Hundreds of thousands of people have fled their homes in Mali amid deadly militia attacks on villages in the country’s central region.

Over 200,000 have fled so far this year, according to figures from the Rapid Response Mechanism, an emergency response system designed to help deliver aid to vulnerable people.

Several massacres since the start of 2019 have killed hundreds of civilians.

Hassane Hamadou, country director for the Norwegian Refugee Council (NRC) in Mali, said: “The first victims of this cycle of violence are civilians. They are killed, they are maimed, they are threatened; and their only chance of survival is to flee. Today, people are caught between armed groups, self-defence militias, and military forces.”

“The protection of civilians is a major concern, especially in places where the state authority has been absent.
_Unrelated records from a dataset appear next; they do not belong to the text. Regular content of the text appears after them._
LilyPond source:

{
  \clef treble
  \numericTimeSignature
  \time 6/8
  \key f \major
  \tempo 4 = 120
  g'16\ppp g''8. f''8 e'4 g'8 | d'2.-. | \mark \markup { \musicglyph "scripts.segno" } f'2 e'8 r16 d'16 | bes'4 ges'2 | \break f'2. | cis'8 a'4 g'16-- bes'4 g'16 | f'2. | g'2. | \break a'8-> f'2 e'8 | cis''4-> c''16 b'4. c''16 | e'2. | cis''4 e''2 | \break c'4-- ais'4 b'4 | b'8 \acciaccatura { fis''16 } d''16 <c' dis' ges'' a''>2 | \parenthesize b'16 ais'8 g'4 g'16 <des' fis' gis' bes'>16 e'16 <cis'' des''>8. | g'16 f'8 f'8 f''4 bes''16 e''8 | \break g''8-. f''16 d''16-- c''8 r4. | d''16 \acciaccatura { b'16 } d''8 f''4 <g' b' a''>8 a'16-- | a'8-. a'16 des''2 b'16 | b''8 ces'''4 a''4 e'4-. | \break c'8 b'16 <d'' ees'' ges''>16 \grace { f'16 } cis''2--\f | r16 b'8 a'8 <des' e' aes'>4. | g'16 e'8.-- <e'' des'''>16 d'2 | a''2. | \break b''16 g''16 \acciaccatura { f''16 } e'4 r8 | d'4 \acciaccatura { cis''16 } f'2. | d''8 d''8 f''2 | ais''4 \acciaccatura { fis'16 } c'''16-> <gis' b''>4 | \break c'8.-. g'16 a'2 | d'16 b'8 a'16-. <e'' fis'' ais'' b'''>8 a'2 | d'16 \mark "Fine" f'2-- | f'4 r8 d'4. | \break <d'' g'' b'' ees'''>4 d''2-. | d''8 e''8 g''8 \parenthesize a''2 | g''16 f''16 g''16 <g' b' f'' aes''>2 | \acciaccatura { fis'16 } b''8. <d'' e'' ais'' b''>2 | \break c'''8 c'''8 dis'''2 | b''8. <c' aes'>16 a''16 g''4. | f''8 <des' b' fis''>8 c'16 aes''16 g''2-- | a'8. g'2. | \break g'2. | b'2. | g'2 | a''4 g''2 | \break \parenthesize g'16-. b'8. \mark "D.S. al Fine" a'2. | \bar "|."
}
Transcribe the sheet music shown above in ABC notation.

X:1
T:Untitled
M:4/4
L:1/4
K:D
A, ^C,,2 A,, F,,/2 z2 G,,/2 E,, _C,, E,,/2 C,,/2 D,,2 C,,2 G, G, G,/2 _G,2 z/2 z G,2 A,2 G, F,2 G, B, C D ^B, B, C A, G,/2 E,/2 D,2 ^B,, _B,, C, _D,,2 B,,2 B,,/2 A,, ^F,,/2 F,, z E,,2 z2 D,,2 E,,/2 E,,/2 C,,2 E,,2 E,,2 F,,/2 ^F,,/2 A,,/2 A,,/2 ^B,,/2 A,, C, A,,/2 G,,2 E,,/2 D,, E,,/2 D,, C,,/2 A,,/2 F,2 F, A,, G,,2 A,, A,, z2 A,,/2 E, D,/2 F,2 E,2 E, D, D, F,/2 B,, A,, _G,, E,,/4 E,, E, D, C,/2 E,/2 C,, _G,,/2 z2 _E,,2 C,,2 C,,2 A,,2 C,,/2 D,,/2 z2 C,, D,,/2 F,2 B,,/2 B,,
Humanitarian actors should be given unrestricted access to these people to deliver aid and ensure their protection.”

In the worst of the bloodshed, at least 160 people were killed in the village of Ogossagou ​in March.
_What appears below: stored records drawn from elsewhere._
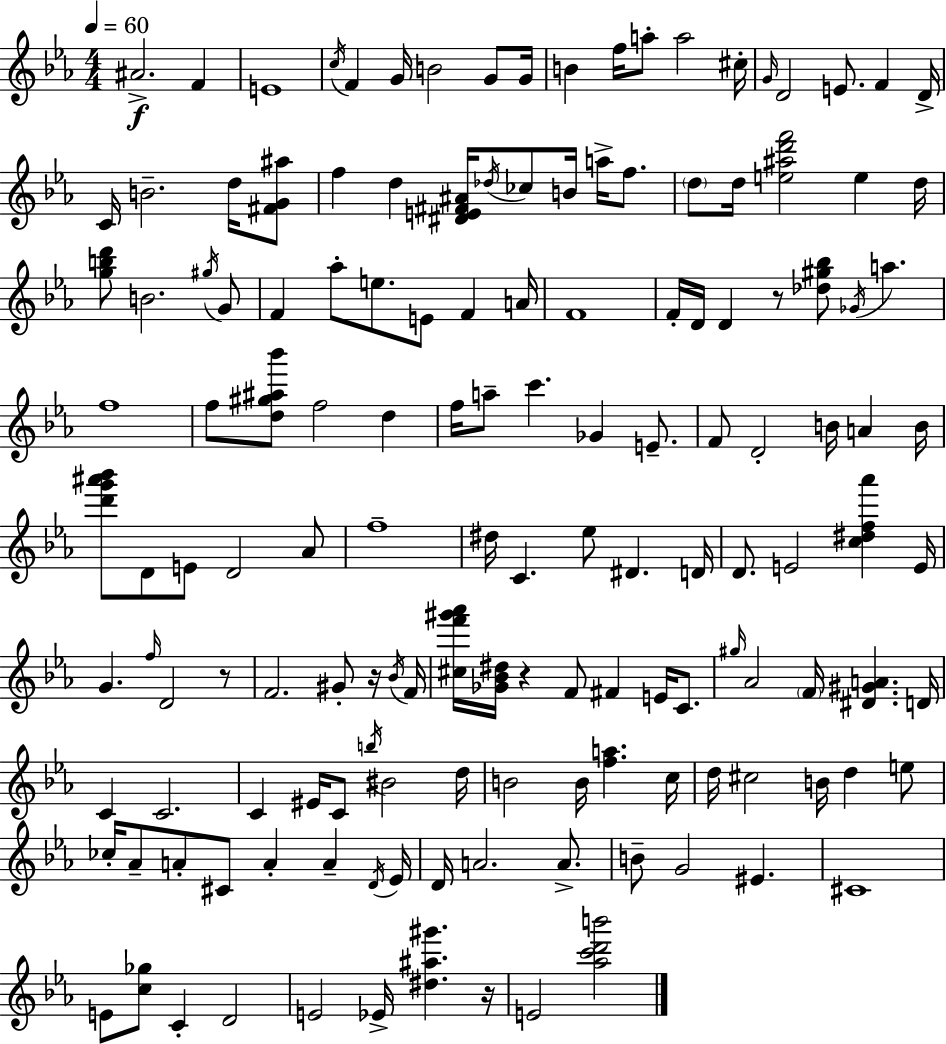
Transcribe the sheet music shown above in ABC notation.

X:1
T:Untitled
M:4/4
L:1/4
K:Eb
^A2 F E4 c/4 F G/4 B2 G/2 G/4 B f/4 a/2 a2 ^c/4 G/4 D2 E/2 F D/4 C/4 B2 d/4 [^FG^a]/2 f d [^DE^F^A]/4 _d/4 _c/2 B/4 a/4 f/2 d/2 d/4 [e^ad'f']2 e d/4 [gbd']/2 B2 ^g/4 G/2 F _a/2 e/2 E/2 F A/4 F4 F/4 D/4 D z/2 [_d^g_b]/2 _G/4 a f4 f/2 [d^g^a_b']/2 f2 d f/4 a/2 c' _G E/2 F/2 D2 B/4 A B/4 [d'g'^a'_b']/2 D/2 E/2 D2 _A/2 f4 ^d/4 C _e/2 ^D D/4 D/2 E2 [c^df_a'] E/4 G f/4 D2 z/2 F2 ^G/2 z/4 _B/4 F/4 [^cf'^g'_a']/4 [_G_B^d]/4 z F/2 ^F E/4 C/2 ^g/4 _A2 F/4 [^D^GA] D/4 C C2 C ^E/4 C/2 b/4 ^B2 d/4 B2 B/4 [fa] c/4 d/4 ^c2 B/4 d e/2 _c/4 _A/2 A/2 ^C/2 A A D/4 _E/4 D/4 A2 A/2 B/2 G2 ^E ^C4 E/2 [c_g]/2 C D2 E2 _E/4 [^d^a^g'] z/4 E2 [_ac'd'b']2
The slayings marked an escalation in violence between ethnic Dogon hunters and Fulani herders, who have been pitted against each other in tit-for-tat violence.
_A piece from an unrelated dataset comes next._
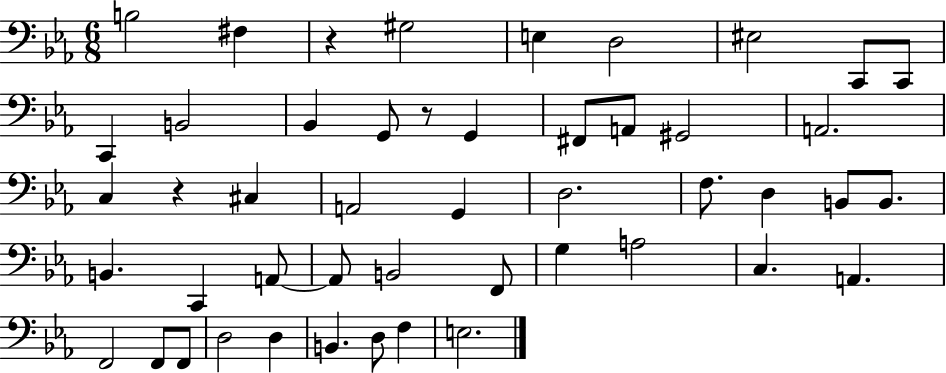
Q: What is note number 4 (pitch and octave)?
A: E3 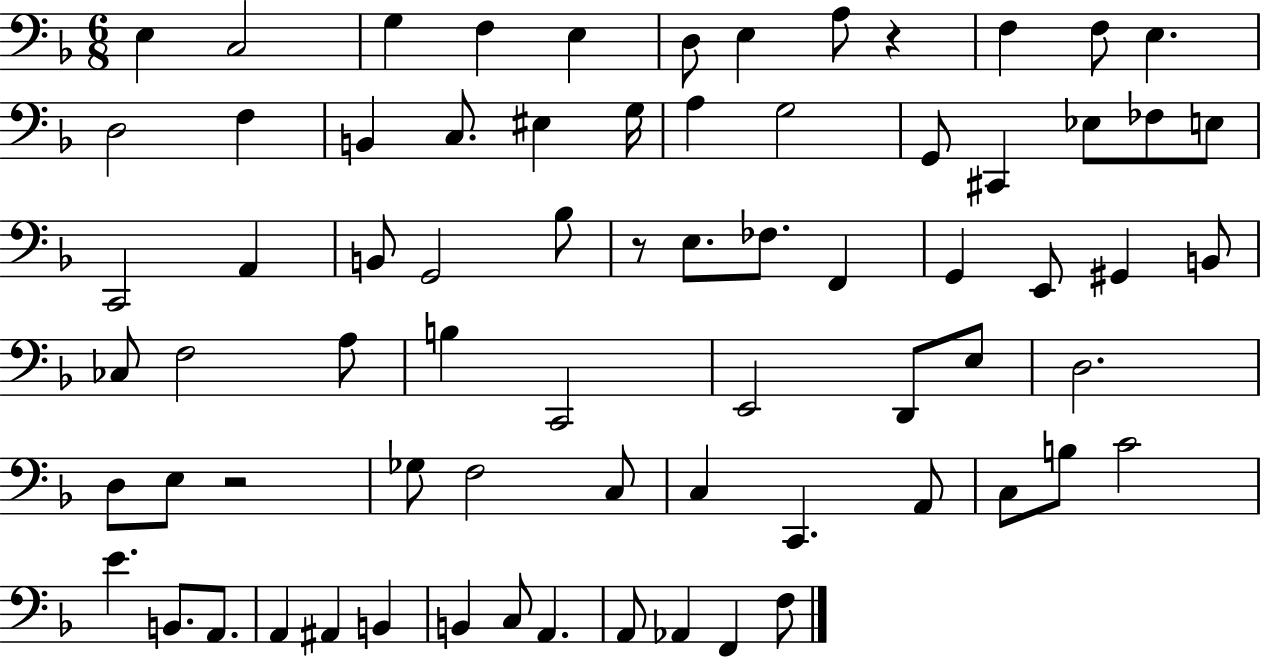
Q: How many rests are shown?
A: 3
Last month, the mayor of Sobame Da said 95 charred bodies had been found in the village, but the government later revised the figure down to 35 killed.

Residents in Mali village of Sobane-Kou after deadly attack on ethnic Dogons on 9 June (AFP/Getty Images)

Just over a week later, gunmen on motorbikes killed at least 41 people in separate attacks on two villages.

Issiaka Ganame, mayor of Yoro, said around 100 men stormed his village and opened fire before carrying out another shooting on the nearby village of Gangafani 2.

Violence between ethnic groups has compounded an already fraught security situation in Mali, where Islamist militants tied to al-Qaeda and Isis are also active.

Dogon village of Sobane Da in central Mali after deadly attack on 9 June (Reuters)

The west African nation’s government is seen as having lost control over parts of the country, having outsourced the fight against jihadis to vigilante militias who regularly turn their weapons on civilians from rival groups.

The Dogon have accused the Fulani of harbouring Islamist militants – charges which the Fulani deny.

Mali’s government must address the arming of ethnic self-defence groups and the proliferation of arms in the country or “there is a high risk of further escalation that could lead to the commission of atrocity crimes”, Antonio Guterres, the United Nations secretary-general, said in his report on Mali in May.